Parecía el momento de frenar y reflexionar. Pero he aquí el ofuscamiento del
juicio del viajero que silenciara Wells: nuestros prohombres se
desenmascararon: “¡Lancemos los tanques sobre Kíev!” “¡Armas nucleares contra
los ucrafascistas!” “¡Rusia necesita un emperador!” “¡Impidamos a la población
tener dólares!” “¡Pena de muerte para castigar a los pervertidos y los enemigos
de Rusia!” “Estudiar idiomas en la escuela va contra la tradición rusa”
“¡Visados para viajar fuera!” “¡La Quinta Columna a Siberia!”
Angela Merkel ha observado que “Putin vive en otro mundo” ¡Y
tanto! Ese mundo le embriaga, sus piernas aprietan las palancas con los casquillos
de la máquina incandescentes. Se necesita más combustible: queda poca
nostalgia, no basta con las ideas imperiales, urge una guerra real, con sangre
real, sangre de los héroes que cayeron por el Dombás, por Novarrusia, por un
ideal. ¡Guerra a Occidente hasta la victoria! En Minsk se impuso a los
debiluchos políticos europeos. ¡Más victorias en el horizonte!
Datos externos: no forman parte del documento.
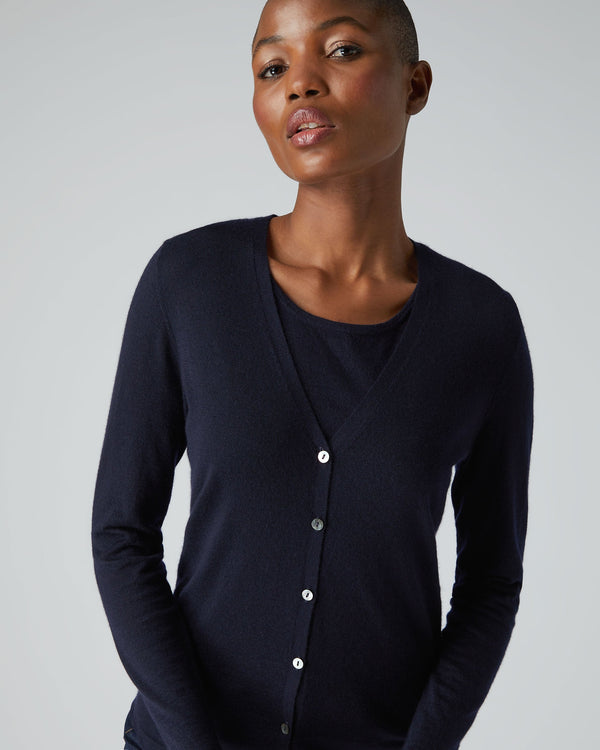 N.Peal Women's Mia Superfine Cashmere V Neck Cardigan Navy Blue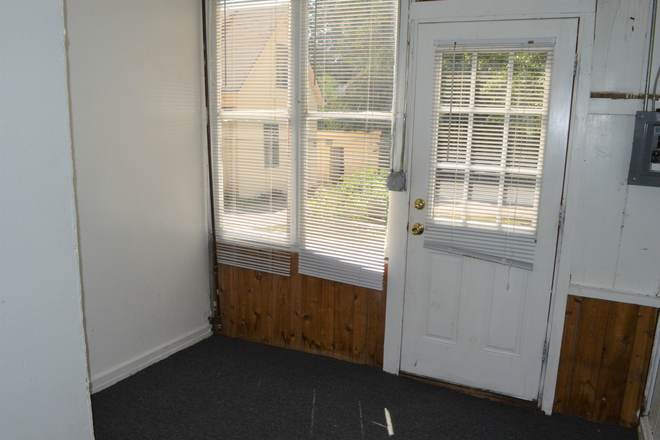 1028.5 Pine - 1028 1/2 Pine St. (2BR/ 1BA) Apartments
Habrá un nuevo
Stalingrado en Járkov, y Járkov aniquilado será rebautizado como Putingrado, el
vencedor empuñará la espada de Aleksander Nevski montando un caballo blanco, de
uniforme blanco… no, de judo-kimono; o mejor, en topless, cual nuevo Conan el
Bárbaro, mas no será un bárbaro, sino el vencedor, el guardián del mundo ruso,
y habrá desfile de la victoria, y acto seguido, la coronación del emperador de
la nueva rusia…
Lamentablemente, la máquina del tiempo ha resultado un
capricho caro. El rublo se desploma, la economía, sancionada, rueda por la
pendiente. La gente pierde sus ahorros. La histeria televisiva contra los
“vendepatrias” y la quinta columna ya ha traído su primer fatídico fruto: el
asesinato del opositor Boris Nemtsov frente al Kremlin hace la vida en la
capital realmente impredecible y peligrosa. Ahora todo es posible: la caza a
los “enemigos del pueblo”, colas en las calles, provocaciones sangrientas…
Llegará el tiempo real y los ciudadanos, hambrientos y
exhaustos de incertidumbre y ensañamiento, se preguntarán: “¿Para qué demonios
nos han dado esta máquina del tiempo?” Preguntas como ésa hacen desvanecer las
ilusiones e imperios colectivos. Recordemos: “¿Para qué demonios nos han dado
este comunismo?”
La máquina del tiempo de Putin se llena de humo. Es harto
difícil que se detenga voluntariamente. Lo más probable es que se recaliente o
estalle. En el primer caso, el olor será insoportable; en el segundo, se
desintegrará. La pregunta es: ¿cómo y dónde caerán sus pedazos?